My son is two and a half and for two and a half years I’ve thought of him as “my baby”, as being so small and fragile. Then I had my daughter and the thing that everyone told me would happen did.

I began to see how big my son had gotten and how “unfragile” he is.

Just yesterday I saw him walk into a stop sign pole, fall over and shake it off without even thinking about it. I stood there, supporting the wobbly head of my newborn daughter and thought, he’s huge and so independent. Then I took him to the playground…

spinning playground
DCF 1.0

There are multiple playgrounds in Shelburne village, where we live. There’s one that’s meant for very young children, located behind a preschool. Then there’s the one for the “high rollers”, the “risk takers”, the kids who throw caution to the wind and can actually flip over the monkey bars, the playground behind the elementary school.

I hadn’t brought Henry there since we moved to the village in August. When we went school wasn’t in session yet and it resembled something from “Children of Men” (if you haven’t seen this movie and want to be utterly depressed, give it a whirl). It was completely abandoned. But today… today was a different story. Today there were kids everywhere.

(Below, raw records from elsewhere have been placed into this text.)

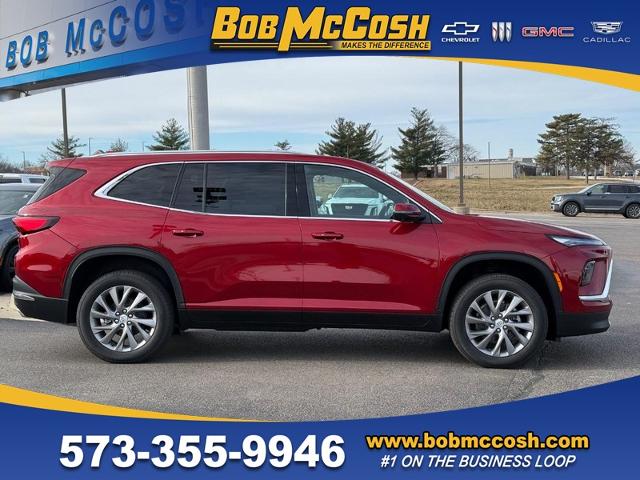 2026 Buick Enclave Vehicle Photo in COLUMBIA, MO 65203-3903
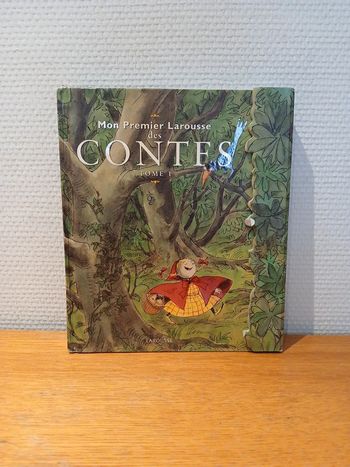 Mon premier larousse des contes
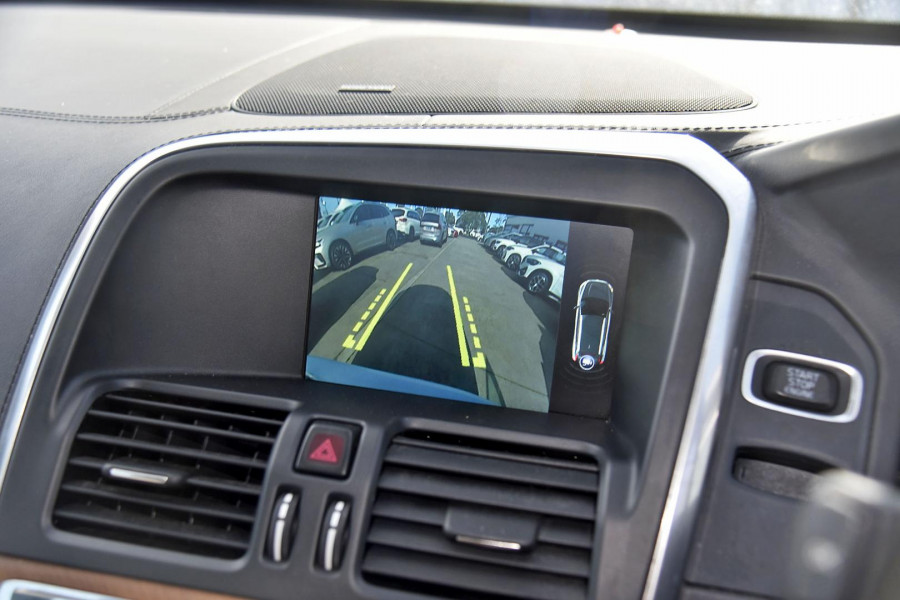 2025 MY26 Volvo XC60 UZ Plus B5 Bright SUV Image 26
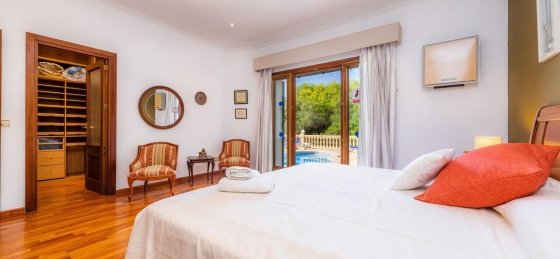 Villa in Mallorca to rent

I had brought him around four o’clock thinking, school’s out, there probably will be a few stragglers but nothing to write home about. How wrong I was. The place was teaming with six to ten year olds all yelling at the top of their lungs, climbing and jumping and being huge.

Suddenly without warning my “huge” son was once again little.

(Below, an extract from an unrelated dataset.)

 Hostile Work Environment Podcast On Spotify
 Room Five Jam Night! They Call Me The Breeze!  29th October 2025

I hear children calling him a “baby” and see him struggle to keep up with the chaotic fast pace cacophony around him. He’s asking to try slides with enormous drop offs at the bottom. No problem for the six year olds, but to me that one and a half foot drop looks like the Grand Canyon. He’s miles away from being able to reach the monkey bars and even further away from being able to join in the kick ball game going on in the field beside us.

I hear the conversations of six to ten year olds. I hear them daring each other to jump off platforms and dangle upside down on bars millions of feet off the ground. Henry doesn’t even know what a “dare” is.

I even hear one little girl say:

“You’re only saying you don’t feel like jumping because you’re afraid to.” Get this kid a psychiatrist couch. “Are you afraid you’re going to break a bone?” The little boy looking over the edge of the platform remains silent, clearly weighing his options. “Broken bones aren’t anything. You just get crutches and a cast.” In a few minutes, this same little girl with get a centimeter cut her hands from the monkey bars and goes screaming to the nearest teacher.

Magic isn’t real. That’s what we’re told when we become adults. We’re also told that once our children are grown, they will never be small again. But I can tell you for a fact that I saw a child go from being a giant back to being three feet tall in front of my very eyes without the use of smoke and mirrors. I also saw my great big independent boy turn back into my baby again.

My huge son. My little son.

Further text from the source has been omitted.